:: Provided records ::
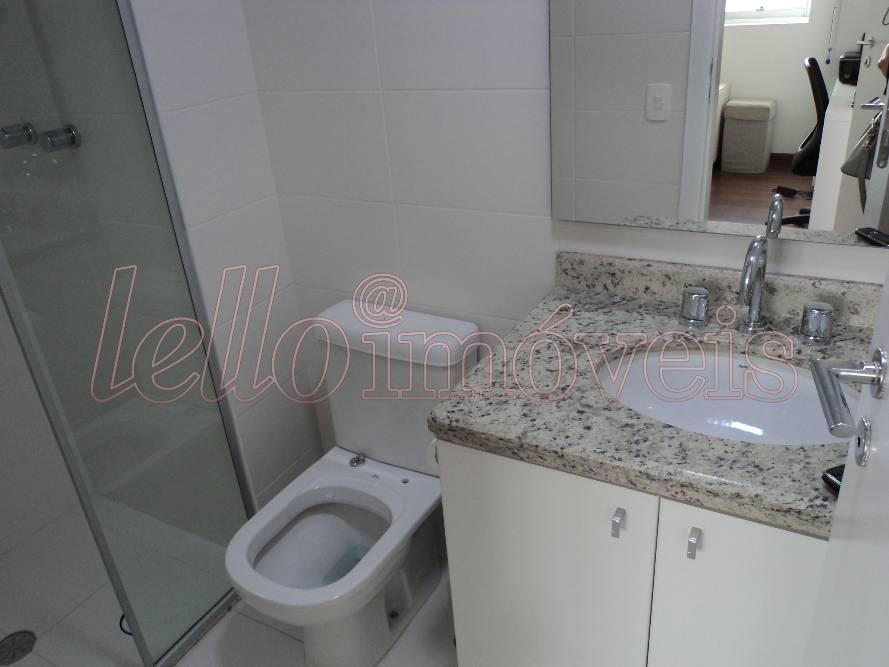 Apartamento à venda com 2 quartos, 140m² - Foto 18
...
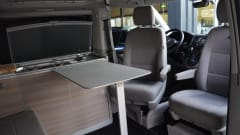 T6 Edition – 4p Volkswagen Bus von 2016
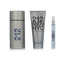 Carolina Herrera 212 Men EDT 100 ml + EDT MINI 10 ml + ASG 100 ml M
---
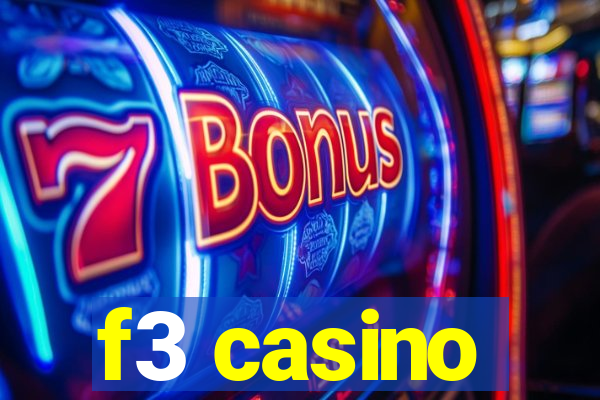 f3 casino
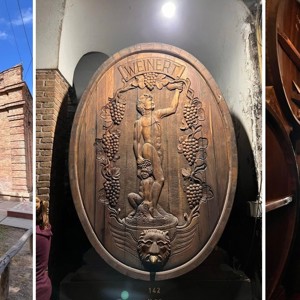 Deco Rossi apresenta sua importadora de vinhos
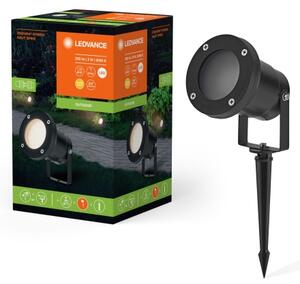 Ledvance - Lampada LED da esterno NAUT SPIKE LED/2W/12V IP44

:: Assignment ::
Go down the entries above from the line containing "T6 Edition – 4p Volkswagen Bus von 2016" to the line containing "Carolina Herrera 212" and write out each line exactly, leaving pictures out.

:: Answer space ::
 T6 Edition – 4p Volkswagen Bus von 2016
 Carolina Herrera 212 Men EDT 100 ml + EDT MINI 10 ml + ASG 100 ml M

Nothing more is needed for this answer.